N’importe quel témoin oculaire qui assisterait à l’embarquement de cette quarantaine de passagers, à leur entassement au fond du kwassa, sans le moindre gilet de sauvetage à bord ni la moindre bouée de sauvetage, ce témoin douterait qu’ils ne périssent tous en haute mer, advenant que l’embarcation versât ou que le moteur faillît. Comment peut-on mettre impunément en danger, autant de gens dans pareille embarcation, surtout lorsqu’on en voit la ligne de flottaison et une partie des œuvres mortes disparaître sous les eaux ? se demanderait ce témoin.
Par petits groupes inégaux, venant des deux extrémités de la route reliant Mutsamudu à Ouani, arrivaient des gens qui longeaient le muret d’enceinte du cimetière chrétien mangé aux herbes sauvages et menaçant ruines, faute d’entretien ; d’autres venaient de la route du marché ; tous convergèrent vers le chemin qui descend sur la plage du milieu, là où se balançait l’embarcation aperçue plus tôt ; un câble la retenait fixée au même endroit, tout près du rivage. Les gens descendaient ce chemin pour rejoindre la plage, où il y avait déjà quelques personnes debout ou assises sur le sable, non loin de l’embarcation près de prendre le large. Le chemin d’accès n’était pas des plus aisés. Certains s’accrochaient aux branches ou aux buissons pour ne pas dégringoler, tant par endroits ce chemin était abrupt ou glissant. On aidait les personnes les plus âgées et les enfants. Parmi ces gens, certains avaient des vêtements jamais usagés, comme si c’était la fête de l’Ide (prononciation de l’Aïd dans le pays), l’anniversaire de la naissance du Prophète ou pour se rendre à une fête. Ils partaient tout simplement en voyage, dans le kwassa qu’on apprêtait en contrebas. Ces voyageurs qu’accompagnaient des membres de leurs familles ou des amis avaient soit un baluchon, soit une cantine, autour de laquelle, par précaution, on avait fait passer une cordelette ou un ruban adhésif, crainte qu’elle ne s’éventrât et ne perdît son modeste contenu au cours de la traversée.

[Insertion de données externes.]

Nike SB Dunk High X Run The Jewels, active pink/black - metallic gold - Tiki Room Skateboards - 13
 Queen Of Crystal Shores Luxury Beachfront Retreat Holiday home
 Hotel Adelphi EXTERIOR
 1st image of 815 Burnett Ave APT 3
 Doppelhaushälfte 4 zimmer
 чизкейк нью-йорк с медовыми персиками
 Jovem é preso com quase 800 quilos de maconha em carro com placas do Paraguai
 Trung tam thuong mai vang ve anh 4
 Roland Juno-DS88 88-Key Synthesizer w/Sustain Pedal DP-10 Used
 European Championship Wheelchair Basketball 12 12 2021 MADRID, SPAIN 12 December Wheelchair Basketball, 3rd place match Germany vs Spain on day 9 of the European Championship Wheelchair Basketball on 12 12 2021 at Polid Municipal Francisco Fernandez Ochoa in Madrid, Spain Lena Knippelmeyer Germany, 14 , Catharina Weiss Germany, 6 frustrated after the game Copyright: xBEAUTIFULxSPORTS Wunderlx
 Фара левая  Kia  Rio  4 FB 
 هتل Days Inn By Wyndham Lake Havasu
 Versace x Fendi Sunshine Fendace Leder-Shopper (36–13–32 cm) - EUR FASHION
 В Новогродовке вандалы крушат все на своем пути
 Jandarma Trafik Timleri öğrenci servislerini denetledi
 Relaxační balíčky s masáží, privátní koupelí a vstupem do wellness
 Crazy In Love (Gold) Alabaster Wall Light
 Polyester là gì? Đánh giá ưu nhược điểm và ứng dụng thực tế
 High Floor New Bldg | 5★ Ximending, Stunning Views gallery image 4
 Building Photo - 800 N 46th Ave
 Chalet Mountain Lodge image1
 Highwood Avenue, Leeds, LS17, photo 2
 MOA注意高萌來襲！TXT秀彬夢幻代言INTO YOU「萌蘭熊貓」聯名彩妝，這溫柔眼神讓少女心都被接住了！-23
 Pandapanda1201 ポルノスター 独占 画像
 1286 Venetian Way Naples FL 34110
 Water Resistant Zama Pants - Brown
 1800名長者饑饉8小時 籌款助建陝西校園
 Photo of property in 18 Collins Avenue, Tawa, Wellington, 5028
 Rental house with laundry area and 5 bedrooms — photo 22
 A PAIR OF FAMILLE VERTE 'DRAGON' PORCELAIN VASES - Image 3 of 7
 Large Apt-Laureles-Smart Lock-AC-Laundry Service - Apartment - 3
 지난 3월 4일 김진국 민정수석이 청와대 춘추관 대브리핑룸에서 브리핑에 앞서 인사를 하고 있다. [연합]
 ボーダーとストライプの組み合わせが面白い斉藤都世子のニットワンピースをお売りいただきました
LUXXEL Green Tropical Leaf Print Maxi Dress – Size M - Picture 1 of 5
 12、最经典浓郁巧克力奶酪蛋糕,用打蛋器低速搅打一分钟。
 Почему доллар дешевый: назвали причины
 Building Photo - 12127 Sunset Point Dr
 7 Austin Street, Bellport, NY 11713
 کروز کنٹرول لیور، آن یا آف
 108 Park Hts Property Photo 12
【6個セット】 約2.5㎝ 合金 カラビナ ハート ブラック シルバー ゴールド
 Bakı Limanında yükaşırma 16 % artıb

C’était de là, dans cette crique retirée, ce soir-là, dans cette même embarcation à l’abri des regards curieux, que devait se faire ce départ pour Mayotte –, sur lequel Ali avait retenu deux places, et qu’il avait acquittées quelques jours plus tôt. Toutes les autres personnes qui s’étaient inscrites à cette traversée étaient convenues avec le passeur de se retrouver là pour l’embarquement ; le départ devait se faire sous le manteau de la nuit, à l’abri de regards indiscrets. Un à un, tous les candidats au voyage de ce soir-là avaient été informés que le départ aurait lieu juste après le coucher du soleil, de façon à accoster à Mayotte avant les premières lueurs de l’aube, s’ils ne voulaient pas se retrouver à découvert et cueillis, très matin, dans les filets des gardes-côtes français. Qu’il eût été regrettable et endêvant, après tant de rêves et d’espoirs, après tant d’attente et surtout tant de sacrifices pécuniaires, que la route vers l’Eldorado finît dans une nasse, avec retour manu militari à la case de départ ! Toute honte bue, ils seraient remis aux gendarmes anjouanais sous les regards compatissants ou moqueurs des badauds. Rien de plus humiliant ! Surtout rien de plus obérant ! Des dettes qu’une vie de labeur tout entière ne suffirait pas à honorer. Et surtout, pour nombre d’entre eux, la quasi-impossibilité de récidiver une seconde fois, faute de pécune.